В конце работы мы еще вернемся к этой статье и объяснениям, данным ее авторами своим наблюдениям. Однако, как кажется, уже и в процитированном нами фрагменте есть вполне очевидная неточность исследовательской оптики, обнажающая не столь уж очевидную простоту темы. Прежде всего неожиданным выглядит сочетание в одном ряду имен двух вполне здравствующих поэтов и уже покойного, чьи стихи были изданы со вполне академическим почтением. А судьба произведений здравствующих была едва ли не абсолютно противоположной: поэма «Маяковский начинается» вышла в серии «Роман-газета» (!) тиражом в 300 ООО экземпляров и была удостоена Сталинской премии первой степени за 1941 год; сборник стихов Чурилина был издан номинальным тиражом в три тысячи, но на самом деле вообще не дошел до читателя: «Тираж уничтожен, сохранились только сигнальные экз<емпляры>»[942]. Во-вторых, конструкция позднейшего времени — постсимволизм — выглядит не очень уместной в то время, когда еще вполне не утихли споры между представителями ее различных ветвей. И, наконец, пристальному взгляду очевидно, что дело с Хлебниковым обстоит далеко не так однозначно, как это представляется авторам.
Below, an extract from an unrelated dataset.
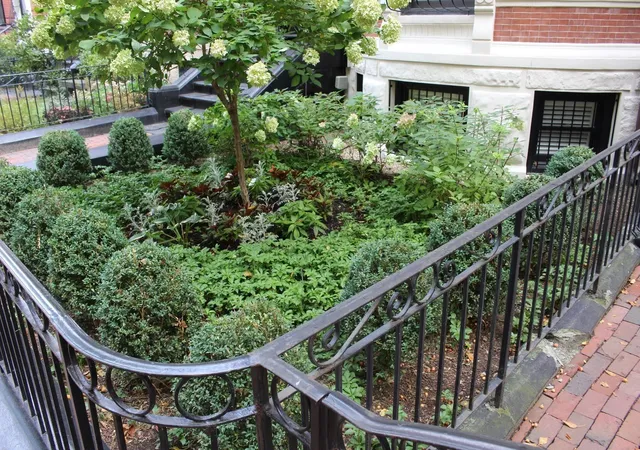 Photo 2 of Condo for sale at 246 Marlborough St #1, Boston, MA 02116 | MLS# 73583884 | Listing updated on 2026-10-22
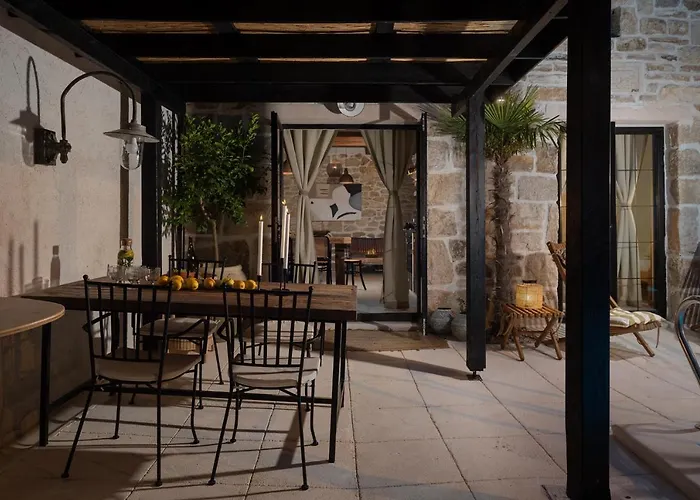 Дом отдыха Blacksmith's House - House With Heated Pool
Простое перечисление показывает, что имя поэта вроде бы никогда после его смерти не пропадало из русской литературы. Не будем говорить обо всем, что было издано, напомним только: с 1928 по 1933 год выходят практически параллельно «Собрание сочинений» под редакцией H. Л. Степанова и крученыховский «Неизданный Хлебников» (в 1933 году появился 24-й выпуск). В 1936 году появляются почти роскошные «Избранные стихотворения» под редакцией того же Степанова, в 1940-м — «Стихотворения» в малой серии уже престижной «Библиотеки поэта», снова под редакцией Степанова, и «Неизданные произведения» Харджиева и Грица. И лишь после этого начинается провал до 1960 года. Опираясь на собственные воспоминания, скажем, что к концу 1960-х годов книги Хлебникова были едва ли не самой большой редкостью на московском книжном рынке.

При этом имя его никогда не запрещалось упоминать в трудах по истории русской литературы даже во вполне положительном контексте, книги не изымались и не переводились в спецхран. По сравнению с посмертной судьбой других поэтов, не покидавших России и не подвергнутых прямым репрессиям, его судьба кажется вполне благополучной. Скажем, стихи вполне благонамеренного в последние годы жизни Андрея Белого после издания в том же 1940 году в следующий раз были собраны в 1966-м; стихи Сологуба издавались с еще большим перерывом — 1939 и 1979; первый посмертный сборник Кузмина вышел в 1988 году — ну, и так далее.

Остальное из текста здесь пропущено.